Pulse to pulse control for highly precise and efficient micromachining with femtosecond lasers.

Abstract

Micromachining with high repetition rate femtosecond lasers and galvo scanners shows some limitations in the pulses positioning accuracy due to the galvo mirrors acceleration. This is particularly evident during scan speed or direction changes, resulting in a poor quality and overtreatment e.g. in corners. Several scanning approaches have been proposed to tackle these issues like the so-called skywriting (SW) and the pulse-on-demand (POD) being the last limited to ns lasers, moderate pulse repetition rates and scan speeds. Recently, POD approach has been extended to femtosecond laser sources with high power and high repetition rate.

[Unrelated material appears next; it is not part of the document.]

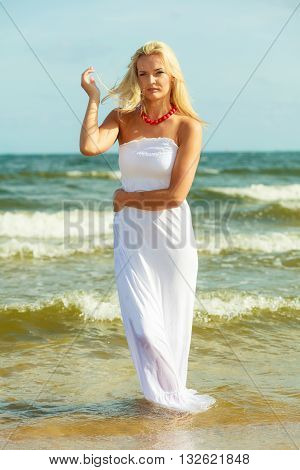Attractive Blonde Woman On The Beach.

Here, for the first time, we explored the huge potential in laser micromachining of femtosecond POD technology associated to a fast galvo scanner. We tested an innovative set-up allowing for precise laser triggering at the requested time and position for MHz repetition rate and scan speed as high as 20 m/s. The pulse position accuracy of the system has been estimated to be ≤ 1µm whilst performances have been evaluated in comparison to conventional scanning and SW. Finally, we report the results of an engraving test on stainless steel. The advantages of the approach we propose are clearly shown in terms of machining quality and precision with respect to conventional scanning and reduction of the processing time by ≈ 40% with respect to SW.